Work task ->
Beginning at the line with "Western Blotting (WB)", please repeat each line exactly through the end of the records below, including that first line and the last, but no pictures.

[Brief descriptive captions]
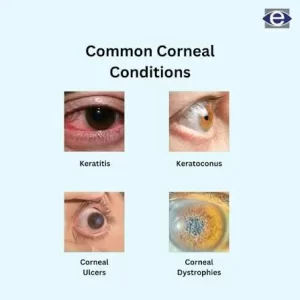 Corneal Diseases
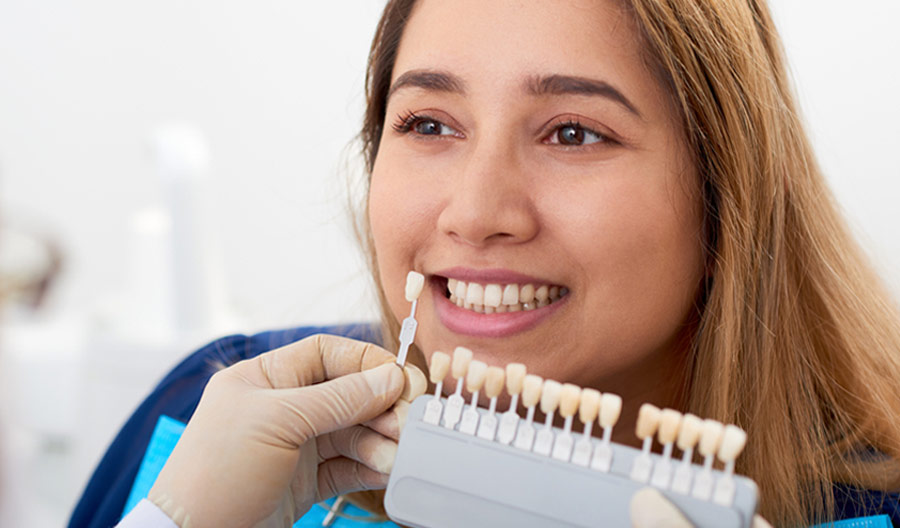 Porcelain Dental Veneers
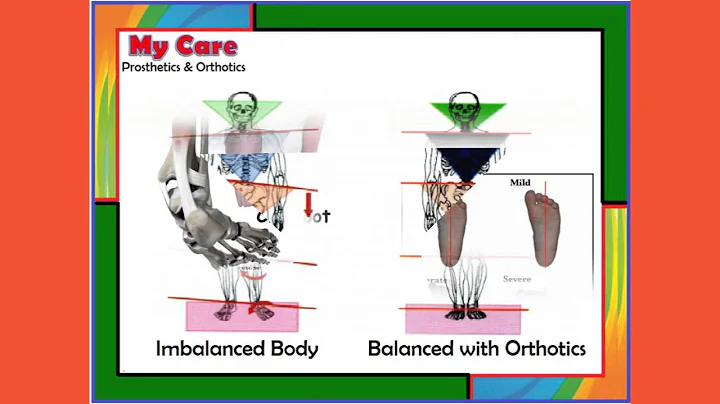 My Care Prosthetics and Orthotics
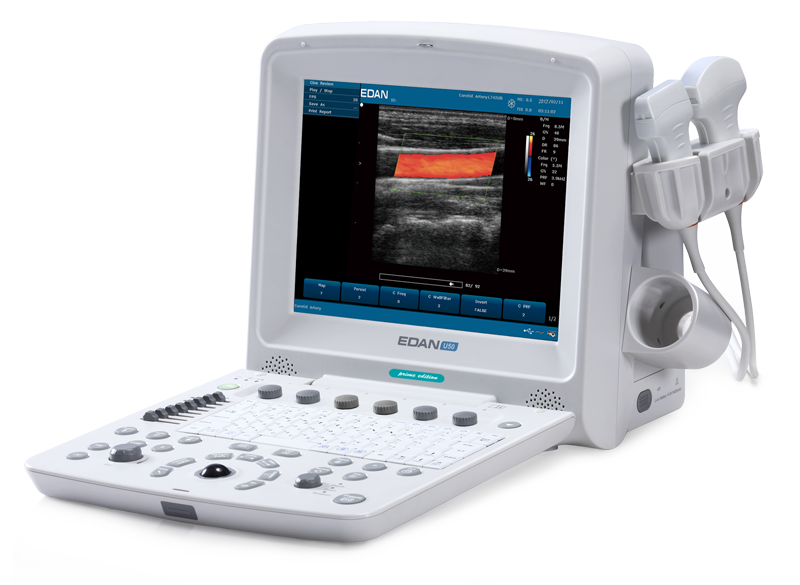 EDAN U50 VET portable veterinary ultrasound system with 12.1-inch display and color Doppler imaging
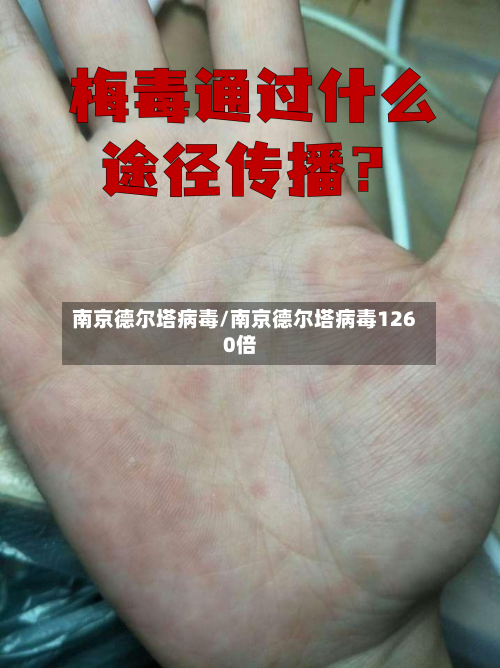 南京德尔塔病毒/南京德尔塔病毒1260倍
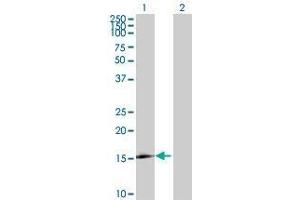 Western Blotting (WB) image for LOC124220 293T Cell Transient Overexpression Lysate(Denatured) (ABIN1338620)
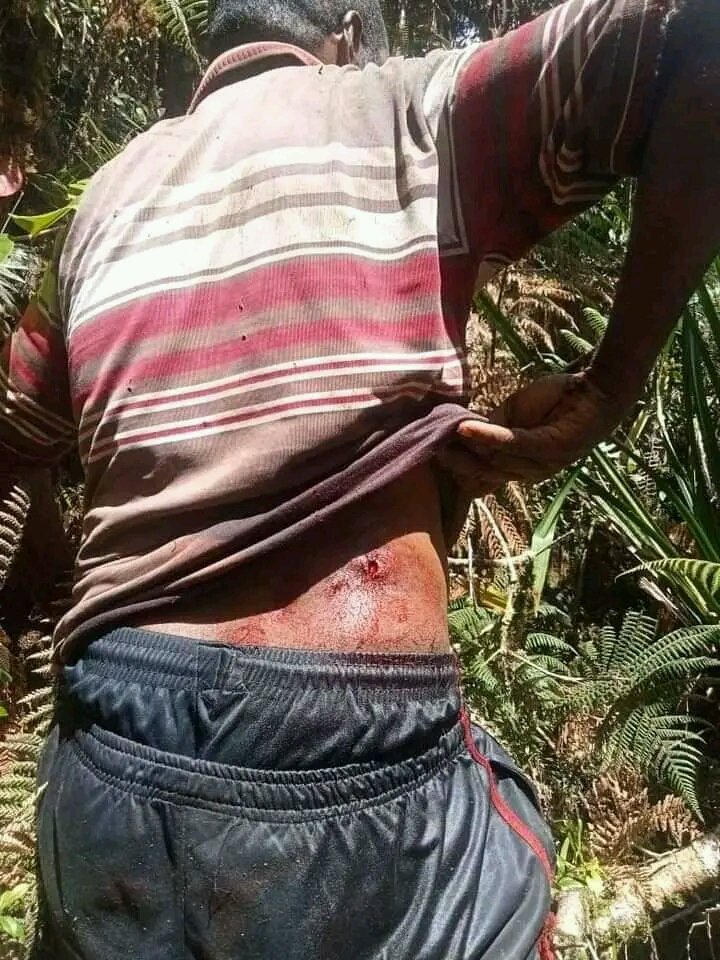Mulalt_'s tweet photo. Update Terkini!

Puncak Papua Darurat Militer!
Warga Sipil, Pdt. Paniur Tabuni, kepala Sekolah SMA YPPGI SINAK. DI tembak kemarin oleh TNI saat sedang ke kebun di distrik Sinak Kabupaten Puncak Papua.  Siang ini akan di evakuasi ke timika untuk menjalani pengobatan!(5/05/2033) https://t.co/jbfVxcCd7I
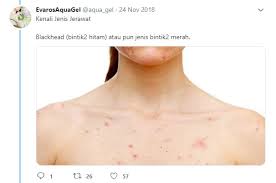 Maybe you would like to learn more about one of these? Nak Elak Jerawat Timbul Di Badan Guna 11 Produk Terbaik Yang Wanita Ini Sarankan Maskulin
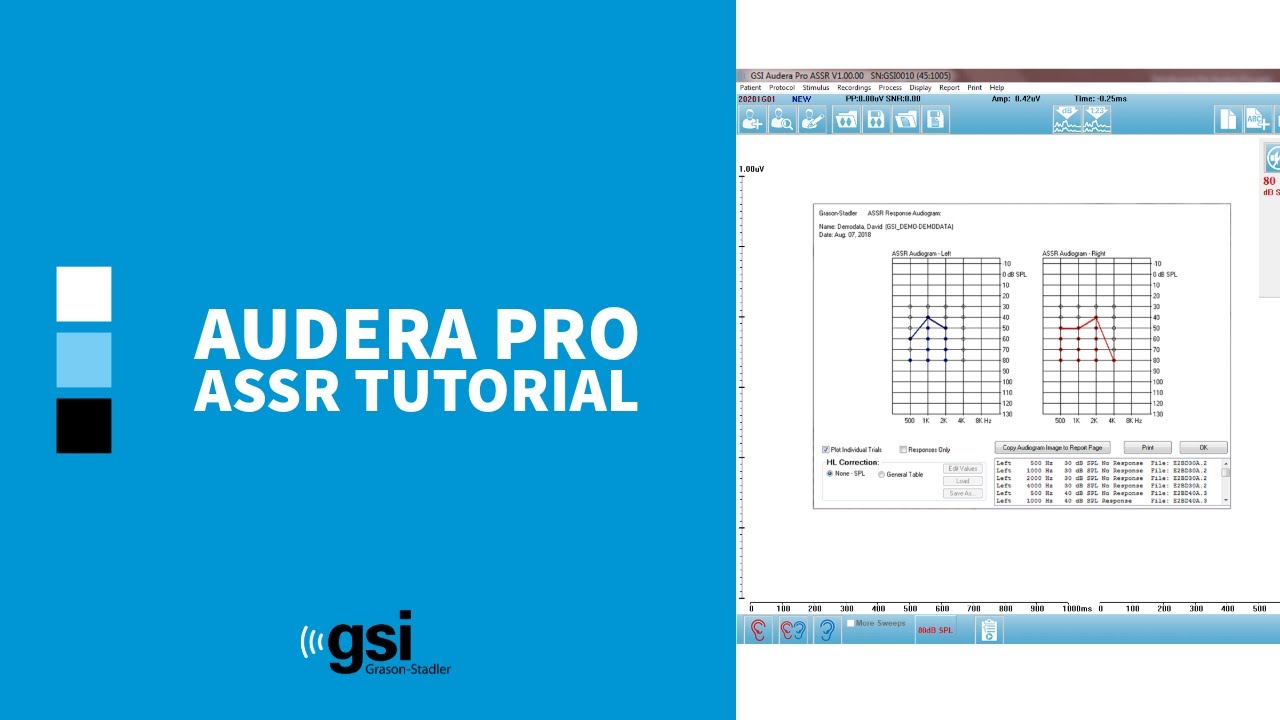Audera Pro: ASSR Tutorial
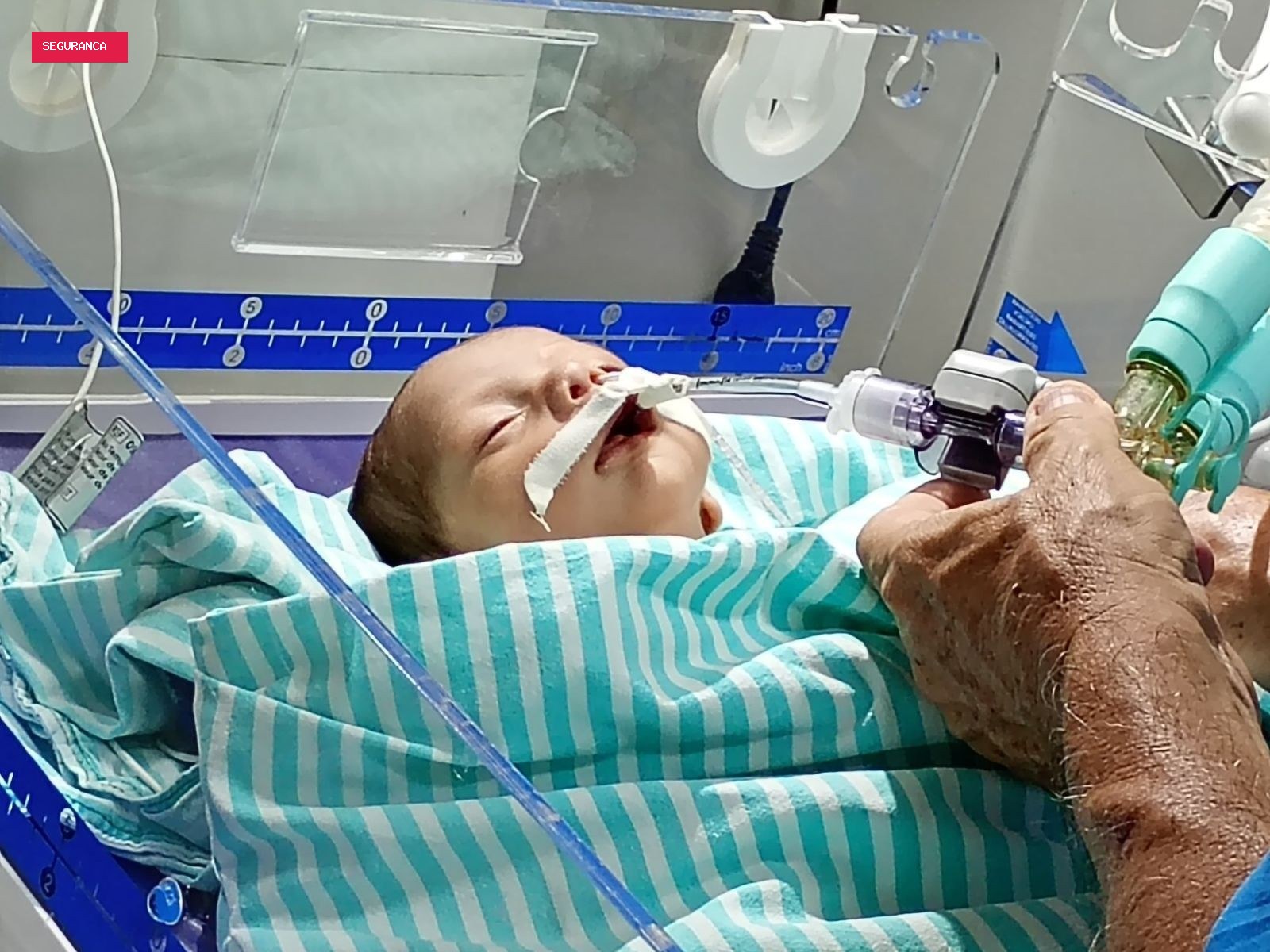 Bebê com malformação no coração tem piora e segue à espera de transferência no Acre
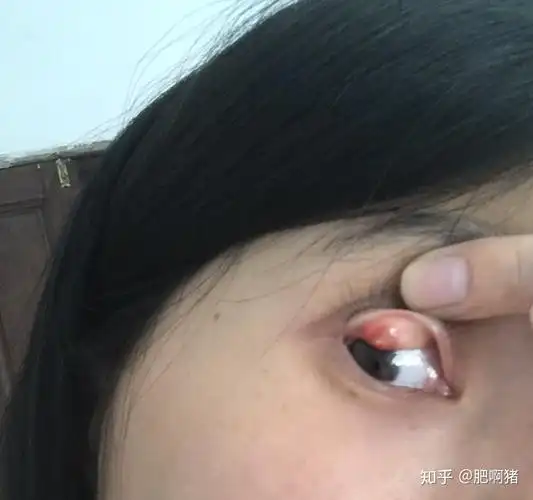 霰粒肿?肉芽肿? - 知乎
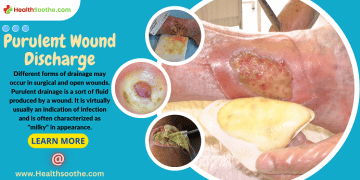 Purulent drainage - Healthsoothe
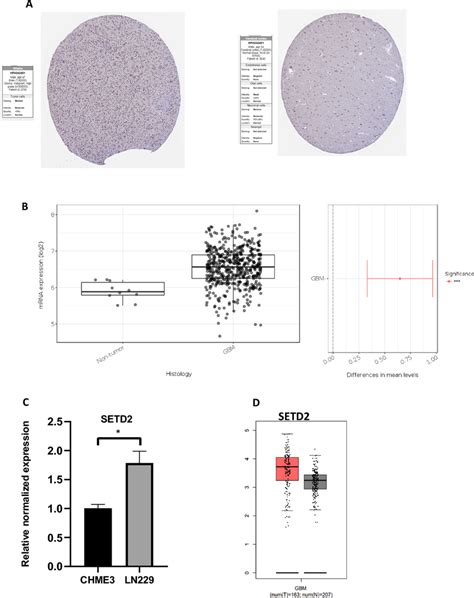 SETD2 Expression Is Elevated In Human Gliomas A SETD2 Expression In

The completed task ->
 Western Blotting (WB) image for LOC124220 293T Cell Transient Overexpression Lysate(Denatured) (ABIN1338620)
Mulalt_'s tweet photo. Update Terkini!

Puncak Papua Darurat Militer!
Warga Sipil, Pdt. Paniur Tabuni, kepala Sekolah SMA YPPGI SINAK. DI tembak kemarin oleh TNI saat sedang ke kebun di distrik Sinak Kabupaten Puncak Papua.  Siang ini akan di evakuasi ke timika untuk menjalani pengobatan!(5/05/2033) https://t.co/jbfVxcCd7I
 Maybe you would like to learn more about one of these? Nak Elak Jerawat Timbul Di Badan Guna 11 Produk Terbaik Yang Wanita Ini Sarankan Maskulin
Audera Pro: ASSR Tutorial
 Bebê com malformação no coração tem piora e segue à espera de transferência no Acre
 霰粒肿?肉芽肿? - 知乎
 Purulent drainage - Healthsoothe
 SETD2 Expression Is Elevated In Human Gliomas A SETD2 Expression In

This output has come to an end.